Song by Stevie Wonder

from the album Talking Book
- Released: October 27, 1972
- Recorded: Summer 1972
- Genre: Soul
- Length: 4:38
- Label: Tamla
- Songwriter: Stevie Wonder
- Producers: Stevie Wonder; Robert Margouleff; Malcolm Cecil;

= You and I (We Can Conquer the World) =

"You and I (We Can Conquer the World)" is a song written and sung by Stevie Wonder from his 1972 album Talking Book. Wonder is also credited for playing piano and T.O.N.T.O. synthesizer on the song.

==Personnel==
Credits adapted from the Talking Book liner notes.

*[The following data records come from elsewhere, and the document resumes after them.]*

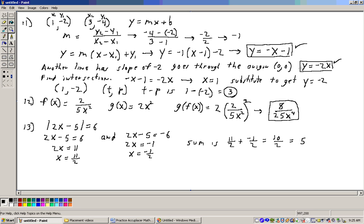Setting y equal on both lines: -x - 1 = -2x. Adding 2x to both sides gives x - 1 = 0, then adding 1 to both sides gives x = 1. To find y, substitute x = 1 into y = -2x: y = -2 times 1 = -2. Checking in the other equation: -1 - 1 = -2. So the point of intersection is (1, -2).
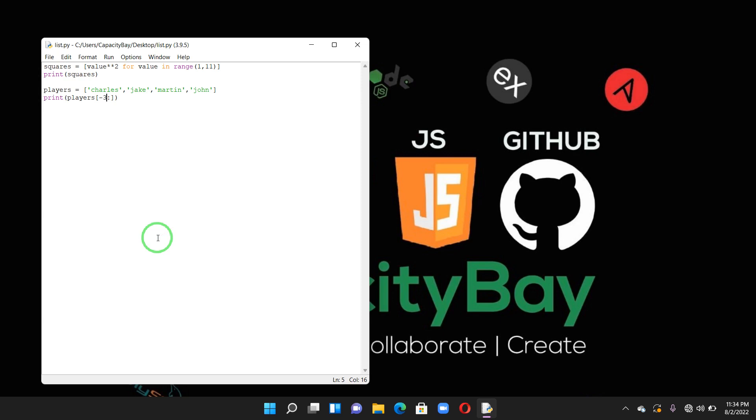So in our next lesson we'll be talking about looping through a slice. And that will be all for today's session. If you have any questions, please drop them in the comment section below. Don't forget to like, share, subscribe, and hit the notification bell to get notified whenever we drop a new video. See you in the next session. Bye!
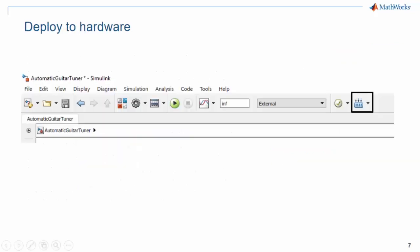Now I can deploy the Simulink model to my Arduino so that the tuner can run stand alone on the board, independent from Simulink.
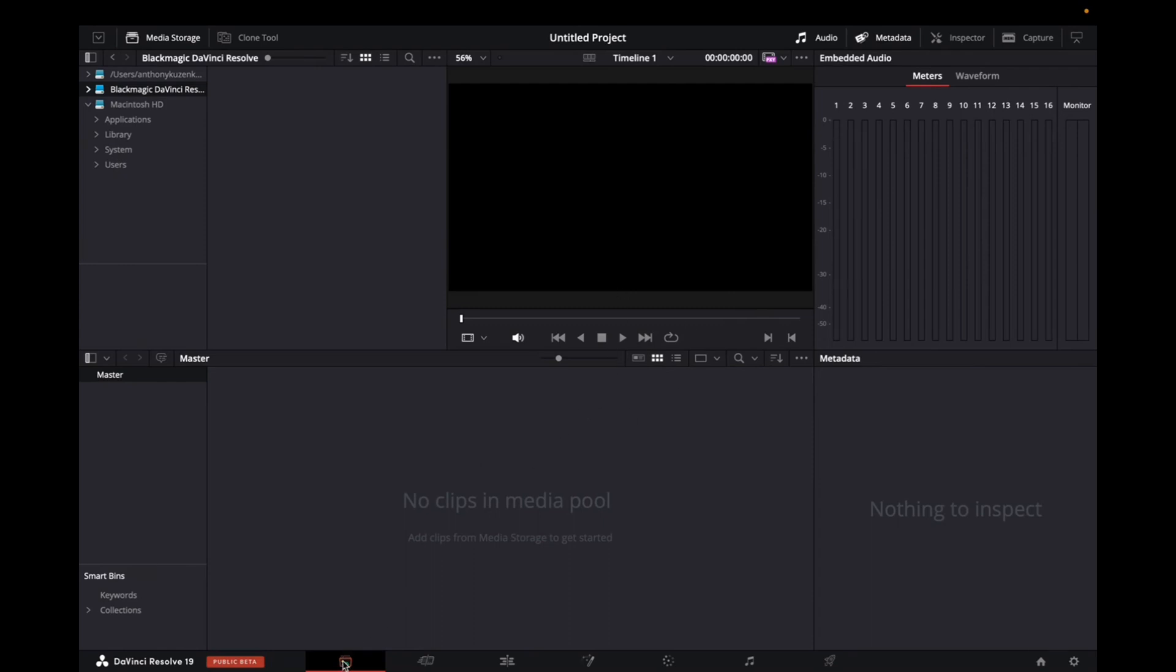You can see right here, this is media. This is cut and this is edit. We want to make sure that we're on the media section right at the bottom.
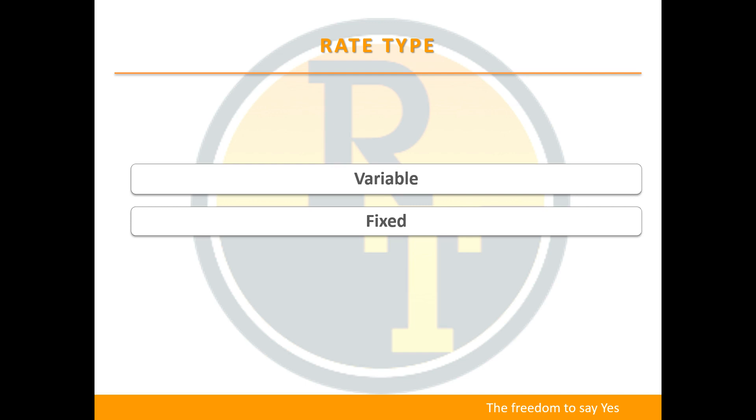So when deciding if you want to have a variable loan or a fixed loan, it's very important to consider whether you're going to have the ability to make extra payments or have surplus cash to sit in offset or redraw.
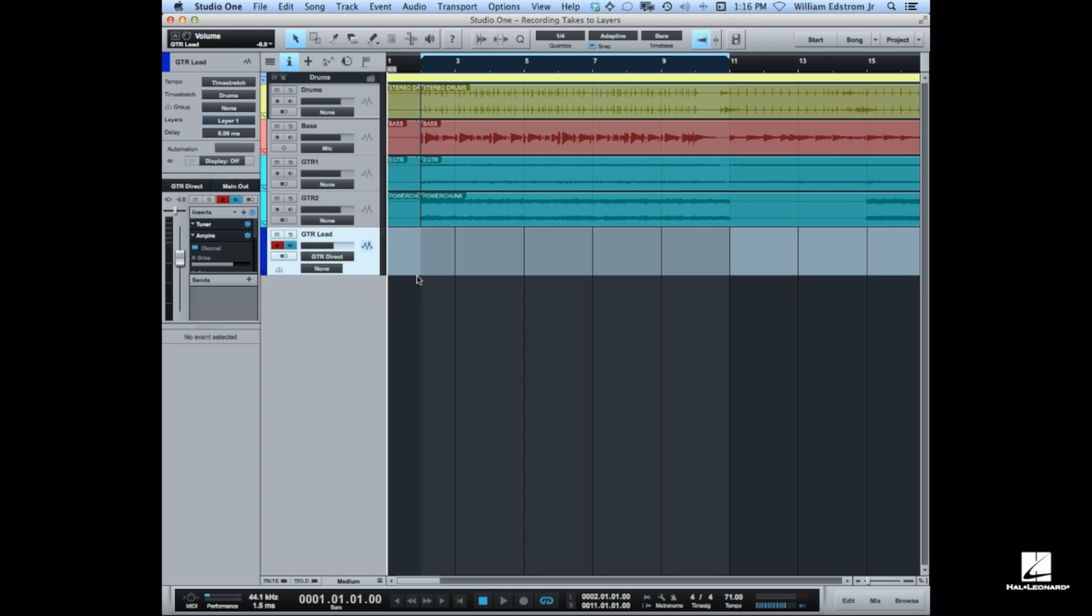especially if you have a vocalist. You'll back up and then record another take. You want to get those on layers if you expect to use comping later on.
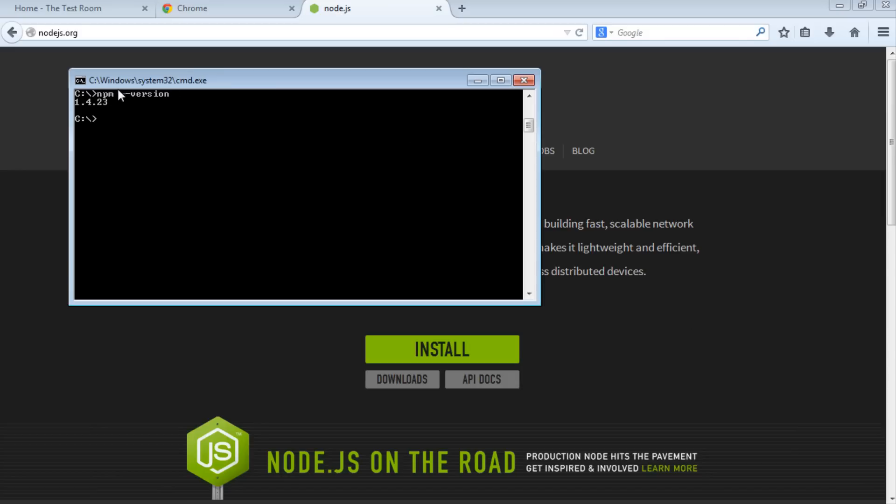type in npm-version. This should print out a version of npm. If you get a version printout, that means npm is installed correctly and the paths have been set up. A little bit more about npm:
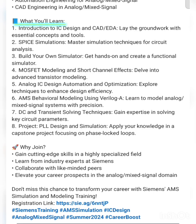What you will learn: First, introduction to IC design and CAD tools. Second, SPICE simulators required for circuit analysis. Third, build your own simulator — get hands-on and create a functional simulator yourself. Fourth, MOSFET modeling and short channel effects as part of transistor modeling in IC design. Fifth, analog IC design automation and optimization, and AMS behavioral modeling using Verilog-A.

- Stevie Wonder – lead vocal, piano, T.O.N.T.O. synthesizer, Moog bass
- Malcolm Cecil – Moog synthesizer programming
- Robert Margouleff – Moog synthesizer programming

==Cover versions==
- Barbra Streisand included a rendition of the song in her 1975 album Lazy Afternoon. This is the first time the song is listed and released as "You and I".
- In a sixth-season episode of the CBS sitcom Good Times, Michael Evans (Ralph Carter) performs the song at the wedding of his sister Thelma (Bern Nadette Stanis) to Keith Anderson (Ben Powers).
- Santita Jackson performed the song at the 1992 wedding of Barack and Michelle Obama
- O'Bryan recorded the song as the title cut from his 1983 album of the same name.
- Joe Cocker recorded a cover for his 1996 album Organic.
- Vesta Williams included a cover in her 1998 album Relationships.
- Mariah Carey sang the song on BET's Walk of Fame honoring Stevie Wonder on October 29, 2002.
- Michael Bublé recorded a version for his 2005 album It's Time.
- Trijntje Oosterhuis recorded a cover for her 2011 album Sundays in New York.
- Macy Gray included the song on her 2012 Stevie Wonder tribute album Talking Book. It is listed as "You and I (We Can Conquer the World)".
- Jacob Collier covered the tune on his 2016 debut album In My Room. This cover won him the 2017 Grammy Award for Best Arrangement, Instrumental or A Cappella.

==George Michael version==
In April 2011, George Michael released a version of the song titled just "You and I" solely on MP3 as a gift to Prince William and Catherine Middleton on the occasion of their wedding on April 29, 2011. Although the MP3 was downloadable for free, Michael asked that downloaders make a contribution to the "Prince William & Miss Catherine Middleton Charitable Gift Fund".

The song had its world premiere on April 15, 2011, on CNN's Piers Morgan Tonight. The show repeated on Saturday, April 16.